BEGIN
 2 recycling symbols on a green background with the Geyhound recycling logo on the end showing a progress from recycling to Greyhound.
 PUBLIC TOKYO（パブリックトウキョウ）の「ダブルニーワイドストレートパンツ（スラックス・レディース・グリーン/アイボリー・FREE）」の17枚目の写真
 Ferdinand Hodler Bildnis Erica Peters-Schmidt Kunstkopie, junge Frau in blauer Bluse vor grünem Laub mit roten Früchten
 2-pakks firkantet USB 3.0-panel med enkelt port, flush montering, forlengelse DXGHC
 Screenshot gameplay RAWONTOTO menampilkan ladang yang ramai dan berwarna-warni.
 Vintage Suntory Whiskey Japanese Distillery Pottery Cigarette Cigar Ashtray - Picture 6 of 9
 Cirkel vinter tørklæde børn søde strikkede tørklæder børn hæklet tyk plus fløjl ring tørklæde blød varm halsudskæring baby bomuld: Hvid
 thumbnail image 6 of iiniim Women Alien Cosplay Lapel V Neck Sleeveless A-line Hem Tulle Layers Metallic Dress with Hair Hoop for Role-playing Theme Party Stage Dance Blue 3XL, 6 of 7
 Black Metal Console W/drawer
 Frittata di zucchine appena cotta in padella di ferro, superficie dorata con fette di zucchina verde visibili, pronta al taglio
END
Exercise goal
The lines from the first of the entries through the line holding "Vintage Suntory Whiskey" are to be restated word for word, and no others.

Your response
 2 recycling symbols on a green background with the Geyhound recycling logo on the end showing a progress from recycling to Greyhound.
 PUBLIC TOKYO（パブリックトウキョウ）の「ダブルニーワイドストレートパンツ（スラックス・レディース・グリーン/アイボリー・FREE）」の17枚目の写真
 Ferdinand Hodler Bildnis Erica Peters-Schmidt Kunstkopie, junge Frau in blauer Bluse vor grünem Laub mit roten Früchten
 2-pakks firkantet USB 3.0-panel med enkelt port, flush montering, forlengelse DXGHC
 Screenshot gameplay RAWONTOTO menampilkan ladang yang ramai dan berwarna-warni.
 Vintage Suntory Whiskey Japanese Distillery Pottery Cigarette Cigar Ashtray - Picture 6 of 9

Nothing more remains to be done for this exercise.